Plötzlich ist ein Klirren zu hören, als mit Steinen gezielt die Scheinwerfer von Geräten zerstört werden. Auch die Reifen eines Lkws und Abdeckungen von Erdgasröhren werden beschädigt.

Sachbeschädigung ist damit zum ersten Mal Teil einer Aktion des "Ende Gelände"-Bündnisses, das in seinem diesjährigen Aktionskonsens den entscheidenden Satz festgehalten hat, dass "wir klimaschädliche Infrastruktur auch über unsere Präsenz hinaus außer Betrieb nehmen können".

Das Bündnis hat damit – egal wie viel letzten Endes langfristig beschädigt wurde und den Betrieb tatsächlich aufhält – eine Diskursverschiebung in der Diskussion um legitime Aktionsformen erreicht.

Die Auseinandersetzung mit Sachbeschädigung und Sabotage ist seit dem Hoch der Klimabewegung 2019 intensiver geworden, als die Wirkung der stetig kleiner werdenden Demonstrationen und Aktionen mehr und mehr infrage gestellt wurde.

Es war ein langer Prozess, der jetzt zur faktischen Aufnahme von Sabotage in den Aktionskonsens führte, mit vielen Debatten und internen Auseinandersetzungen in den letzten Jahren. Was bedeutet es, eine "gewaltfreie" Bewegung zu sein? Legitimiert nicht die Gewalt, die fossile Konzerne mit dem Anheizen der Klimakrise und der Ausbeutung des globalen Südens ausüben, auch Gewalt gegen Gegenstände?

Völlig einer Meinung ist "Ende Gelände" in der Frage noch nicht, das ist bei einer Graswurzelbewegung auch kaum möglich. Der Aktionskonsens gilt zwar für alle, das bedeutet aber nicht, dass alle alles machen müssen, die Aktionen müssen sich lediglich im Rahmen des Konsenses bewegen.

Auch in diesem Jahr wollten viele nicht weiter gehen, als mit ihren Körpern zu blockieren. Andere waren bereit, Sabotage im Hintergrund zu unterstützen, aber nicht, selbst etwas zu beschädigen.

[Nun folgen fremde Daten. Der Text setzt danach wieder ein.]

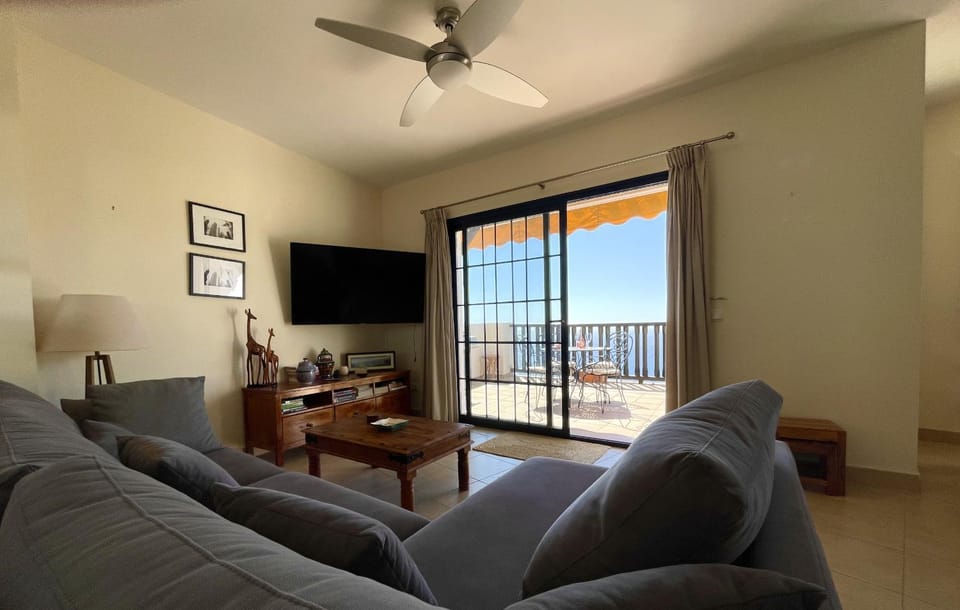 Lovely 2 bed apartment with views & communal pool Apartment in Costa Tropical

So oder so ist die Debatte um Aktionsformen jetzt einen entscheidenden Schritt weitergegangen. Dass ein großer Akteur der Klimabewegung Sabotage grundsätzlich als legitim einstuft, hat etwas verändert. Darauf will ein Teil der Klimabewegung in den nächsten Jahren aufbauen.

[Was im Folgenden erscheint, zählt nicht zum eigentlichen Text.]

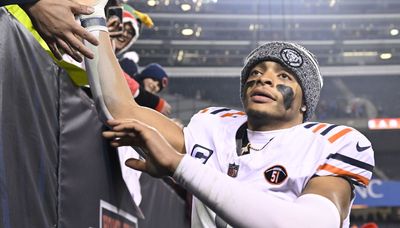 Bears QB Justin Fields, offense miss opportunities in 27-16 win over Cardinals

40 politische Gruppen, ein Camp

Ein wichtiges Element der diesjährigen Aktionstage ist das "System Change Camp", in dem die Aktivist:innen während der Woche gezeltet haben.

Es ist seit der Coronapandemie das erste große Klimacamp, von dem Aktionen des zivilen Ungehorsams ausgehen. Für viele ist es ein Ort zum Zusammenkommen, für Austausch und Empowerment. Beteiligt sind rund 40 politische Gruppen wie Fridays for Future oder Extinction Rebellion, aber auch das kommunistische "Ums Ganze"-Bündnis oder Abya Yala Anticolonial.

Eine Aktivistin erläutert: "Diese Woche wird nicht nur fossile, koloniale Infrastruktur blockiert, die Bewegung hat die Chance zusammenzurücken, einen Schritt weiterzugehen und den Versuch zu wagen, eine Utopie in Form eines Klimacamps zu leben."

Am Montag ist das Camp schon deutlich leerer. In einem Abbauplenum werden Aufgaben verteilt, langsam wird aus dem Camp wieder der Altonaer Volkspark. Am Infopoint hängen an einer großen Tafel Zeitungsartikel über die Aktionen der letzten Tage. Viele machen sich hier ein Bild über die Öffentlichkeitswirkung der Aktionen, zeigen einander ihre Lieblingsartikel.

Die Aktivist:innen sind zufrieden. "Wir haben in dieser Woche gezeigt: Die Klimabewegung hat volle Power", sagt Ende-Gelände-Sprecherin Luka Scott. "Wer im Jahr 2022 noch in fossile Infrastruktur investiert, muss mit unserem Widerstand rechnen."

Die nächsten Aktionen des zivilen Ungehorsams plus Sachbeschädigung werden bestimmt kommen. "Ende Gelände" hat in dieser Woche vorgelegt.